Un menudo húsar de la Guardia, con estrechos calzones de montar, trotaba muy encorvado sobre la grupa del caballo queriendo imitar a los ingleses. El príncipe Kuzovlev cabalgaba, muy pálido, su yegua de pura sangre, de la yeguada de Grabovsky, que un inglés llevaba por la brida.
Vronsky y todos sus amigos conocían a Kuzovlev su «debilidad nerviosa» y el terrible amor propio que le caracterizaba.
Sabían que Kuzovlev tenía miedo de todo: miedo incluso de montar un caballo militar corriente. Pero ahora, precisamente porque existía peligro, porque podía uno romperse la cabeza y porque junto a cada obstáculo había médicos, enfermeras y un furgón con una cruz pintada, había resuelto correr.
Las miradas de los dos se encontraron, y Vronsky le guiñó el ojo amistosamente y con aire de aprobación.
Pero en realidad no veía más que a un hombre, su antagonista más terrible: Majotin sobre «Gladiador».
–No se precipite –dijo Kord a Vronsky– ni se acuerde de usted mismo. No contenga a la yegua ante los obstáculos, no la fuerce; déjela obrar como quiera.
–Bien, bien –dijo Vronsky, empuñando las riendas.
–A ser posible, póngase a la cabeza de los corredores, pero si no lo logra, no pierda la esperanza hasta el último momento, aunque quede muy rezagado.
Antes de que el caballo se moviera, Vronsky, con un movimiento ágil y vigoroso, puso el pie en el cincelado estribo de acero y asentó, con fume ligereza, su cuerpo recio en la crujiente silla de cuero.
Su pie derecho buscó el estribo con un movimiento maquinal y acomodó las dobles bridas entre los dedos.
Kord apartó las manos.
Como vacilando sobre el pie con que debía pisar antes, «Fru–Fru» estiró el largo cuello, dejando tensas las riendas y se movió como sobre resortes, meciendo al jinete sobre su lomo flexible.
Kord les seguía apresurando el paso. El caballo, nervioso, como queriendo desconcertar al jinete, tiraba de las riendas, ora de un lado, ora de otro, y Vronsky trataba en vano de calmarle con la mano y con las palabras.
Se acercaban ya al riachuelo protegido por una barrera donde estaba el lugar de partida.

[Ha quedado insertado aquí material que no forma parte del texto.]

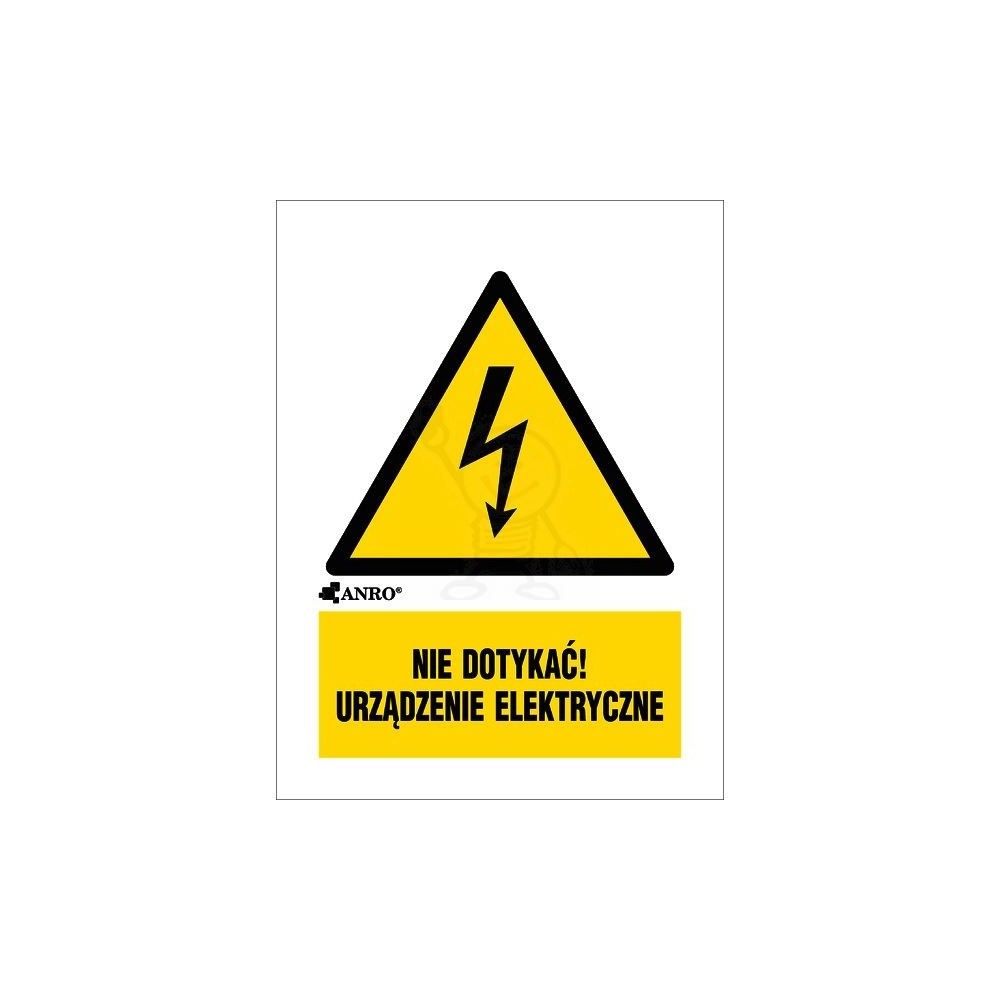 5901986723356 ❗ Rozdzielnie ❗ Samoprzylepna tabliczka ostrzegawcza /Nie dotykać urządzenie elektryczne 52x74/ ❗ INTER-LUMEN®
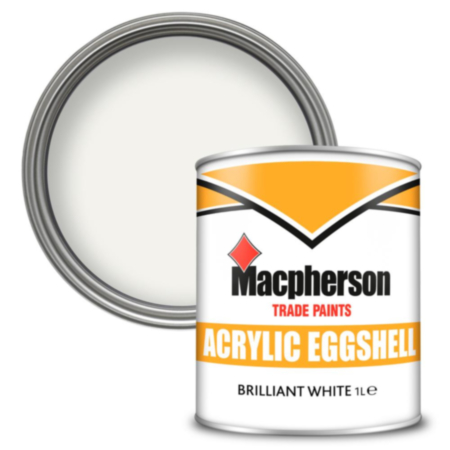 Macpherson Eggshell Paint Brilliant White 1L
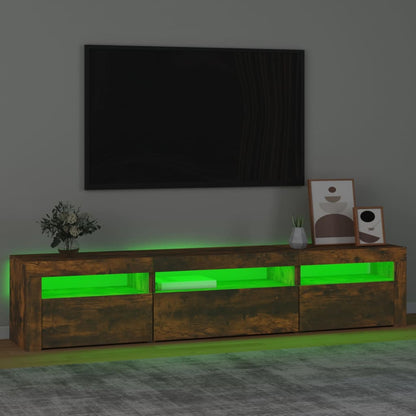 Tv Skříňka S Led Osvětlením Kouřový Dub 195X35X40 Cm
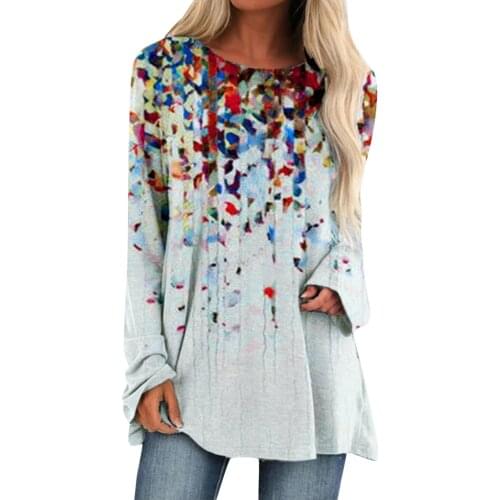 Harajuku Abstract Print O Collared T-shirt Ladies Dairy Long Sleeve Tops Simple Streetwear T Shirt High Quality O-neck Футболка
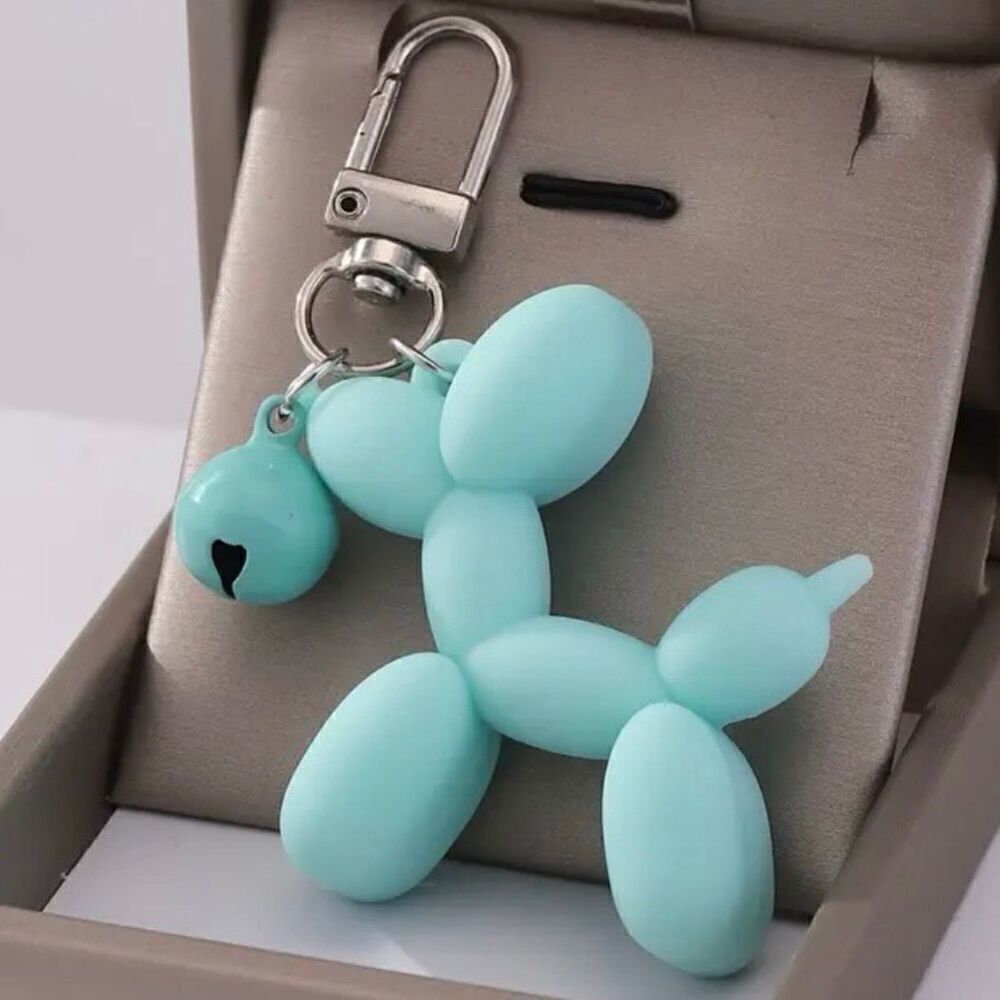 NWT Blue & Silver Metal Trendy Laser Art Balloon Dog Puppy Colorful Keychain Bag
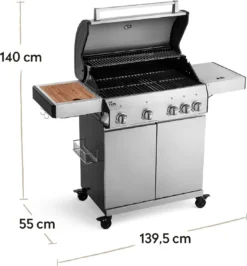 Burnhard Gas BBQ Big FRED Deluxe - 4 Branders - Incl. Keramische Infraroodbrander & Afdekhoes - Deluxe -Home Keuken Winkel 1113x1200 1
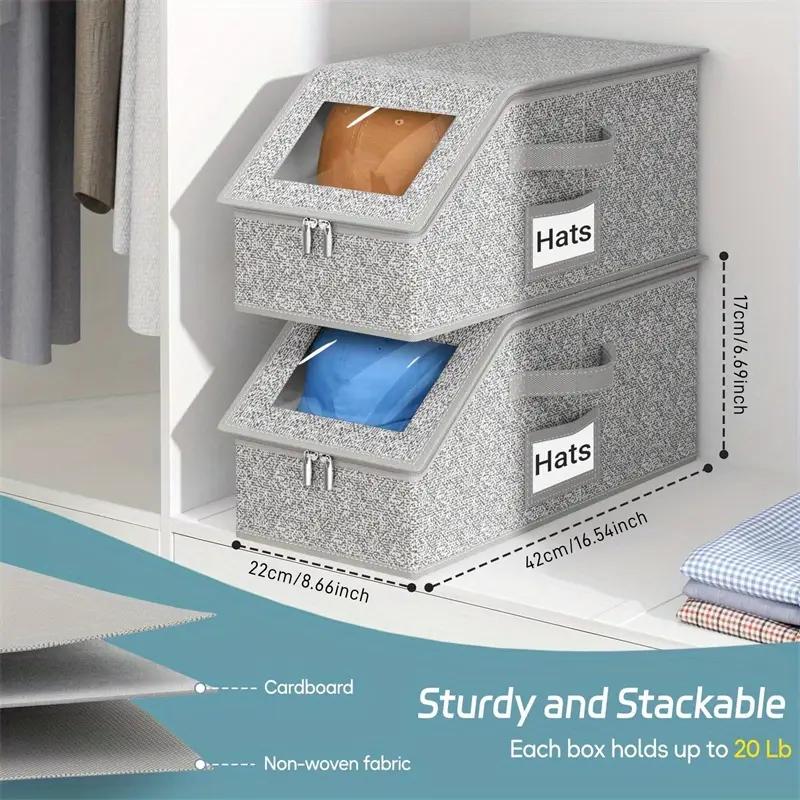 Lot de boîtes de rangement empilables transparentes pour casquettes, modulables et peu encombrantes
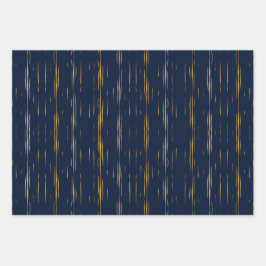 Marmer Metallic Gold Pinstripes tegen Navy Blue Inpakpapier Vel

Muchos de los jinetes iban delante, otros muchos detrás. De improviso, Vronsky sintió tras sí, en el barro del camino, el pisar de un caballo, y Majotin le adelantó sobre su patiblanco «Gladiador» de grandes orejas.
Majotin sonrió mostrando sus grandes dientes, pero Vronsky le miró con seriedad. En general, no sentía ningún aprecio por él. Pero ahora le irritaba, además, el considerarle el más peligroso de los concursantes y el que le hubiese pasado delante.
Excitó a «Fru–Fru», la cual levantó la pata izquierda para trotar y dio dos corvetas. Luego, furiosa contra aquellas bridas tenazmente tensas, trotó con sacudidas que hacían tambalearse en la silla al jinete.
Kord arrugó el entrecejo y echó a correr a grandes zancadas para alcanzar a Vronsky.
Capítulo 25
Eran en total diecisiete los oficiales que intervenían en la carrera de obstáculos, la cual se celebraba sobre una enorme elipse de cuatro verstas de longitud.
En aquella elipse había nueve obstáculos: un arroyo, una valla de dos arquinas de alto ante la tribuna, una zanja seca, otra con agua, un montículo de elevada pendiente y un obstáculo de doble salto, consistente en na valla cubierta de ramaje seco tras la cual había una zanja, invisible para el caballo, que debía saltar, valla y zanja de una vez, so pena de matarse. Aquél era el obstáculo más peligroso.
Había dos zanjas más, una con agua y otra sin ella. La meta estaba ante la tribuna.